Not necessarily. If a faint object is larger than the FoV then you won't see it easily because you won't see the contrast between the object and background sky. However for some objects a bright star in the FoV will make it more difficult observe an object. 

[Louis D]

2 minutes ago, Orac said:

Basic rule of thumb: you notice fuzzies more in a bigger FOV eyepiece?

You can detect larger faint fuzzies more effectively once the edges have been well framed by the FOV so you can see the contrast between the nebula and the sky background.

[John]

4 minutes ago, Orac said:

Basic rule of thumb: you notice fuzzies more in a bigger FOV eyepiece?

If the magnification is higher then, under my skies, I do find small and medium sized faint deep sky objects easier to spot.

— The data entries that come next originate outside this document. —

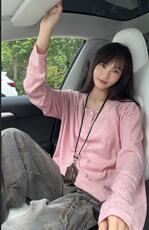 现货！老钱风简约长袖透气长袖T恤轻薄上衣-LK80055-特批40，男装T恤，电商A061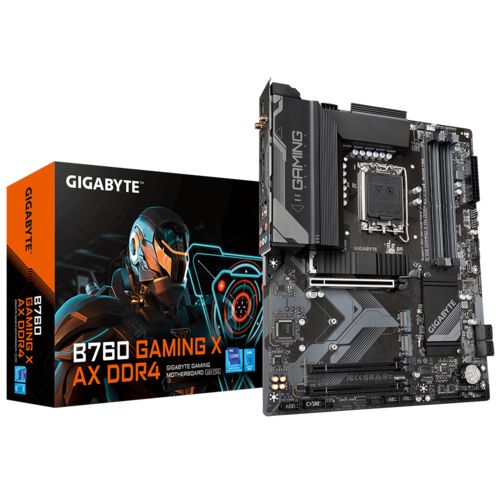 MB s1700 Gigabyte B760 GAMING X AX slika 1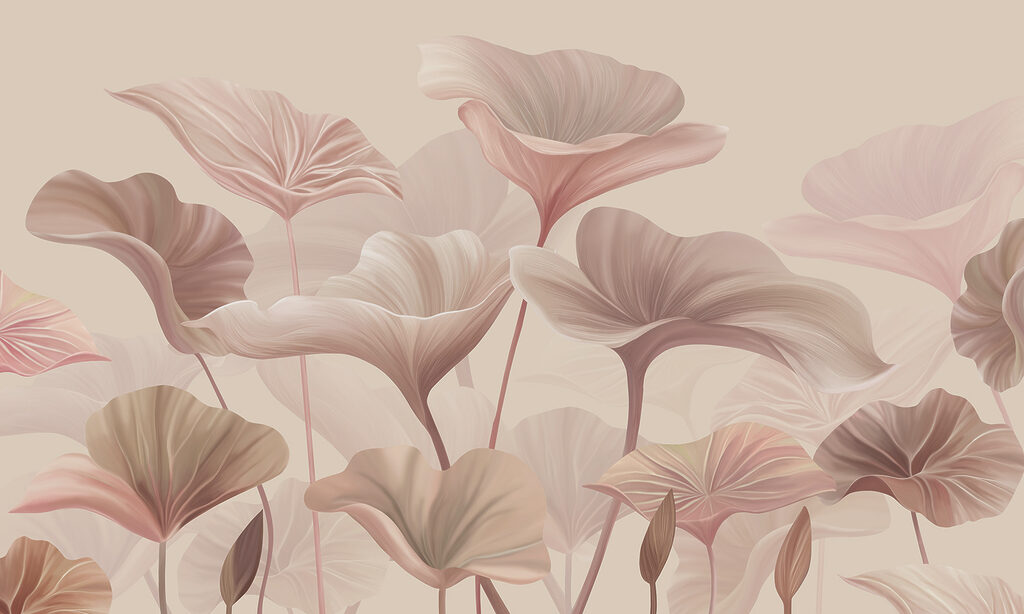 A close up of flowers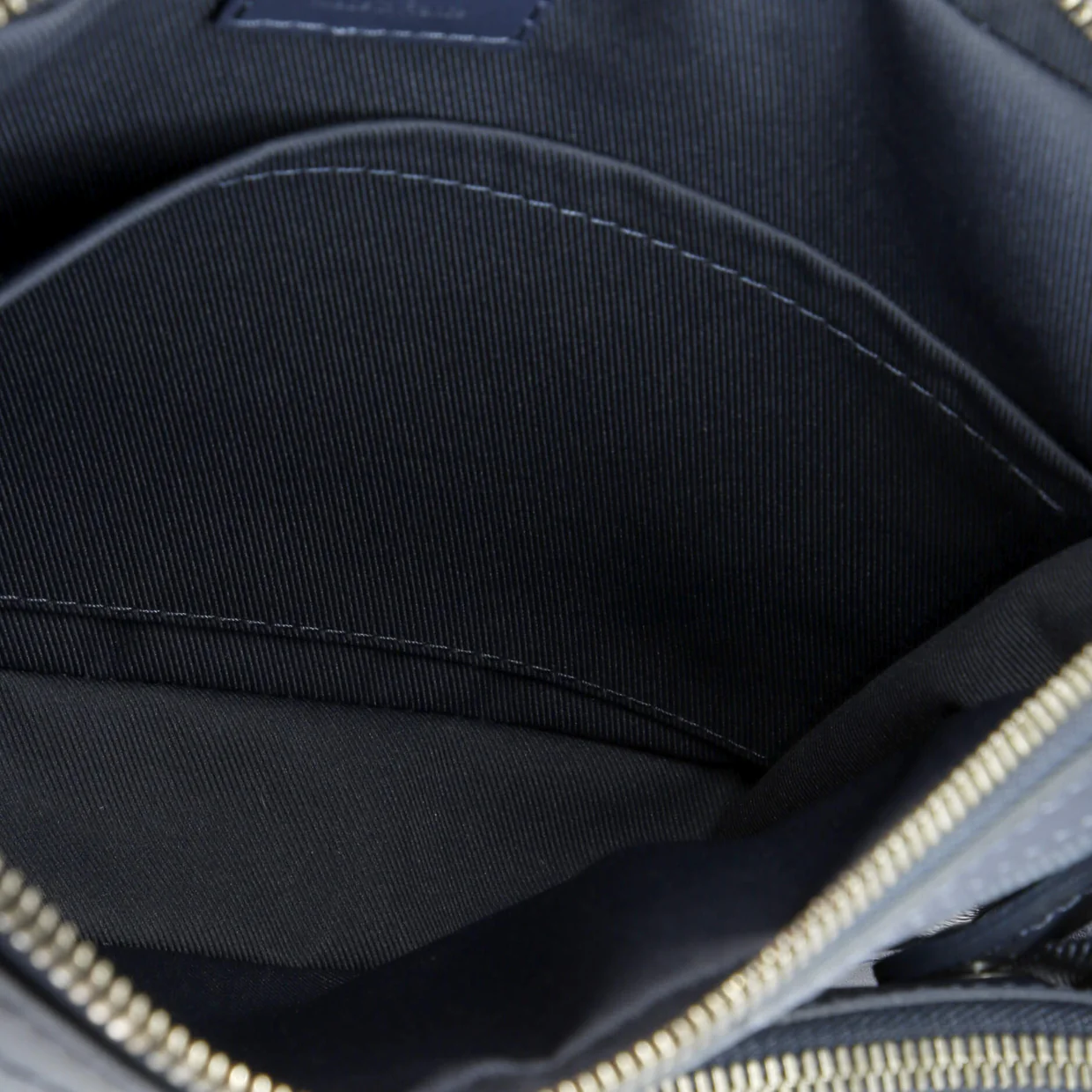 Trio Messenger Bag Damier Infini Leather - Deep Luxury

Louis is right to point out though that using too much magnification can cause you to "look right through"  large, extended deep sky objects.

So I guess the answer is "it depends"

[Stu]

I did say it was complicated

I think we are all adding additional info and are all correct.

The point about exit pupil and filtered views is important though. For unfiltered views then getting the balance of image scale and brightness right is just that, a balance. However, for filtered views using UHC and OIII filters for instance, using a larger exit pupil is a good thing as it increases the brightness of the object whilst the filter keeps the sky background under control, result is better contrast. I’m just repeating what LouisD said really, but I think it does bear repeating as it is a complex topic.

[Orac]

19 hours ago, Stu said:

I did say it was complicated

Thank you all for chipping in. I can start to grasp why people have so many EPs. I thought four would be more then enough. There are so many things to factor in (let us not forget budget). Many of the long treads in the eye piece forum actually start to make sense now.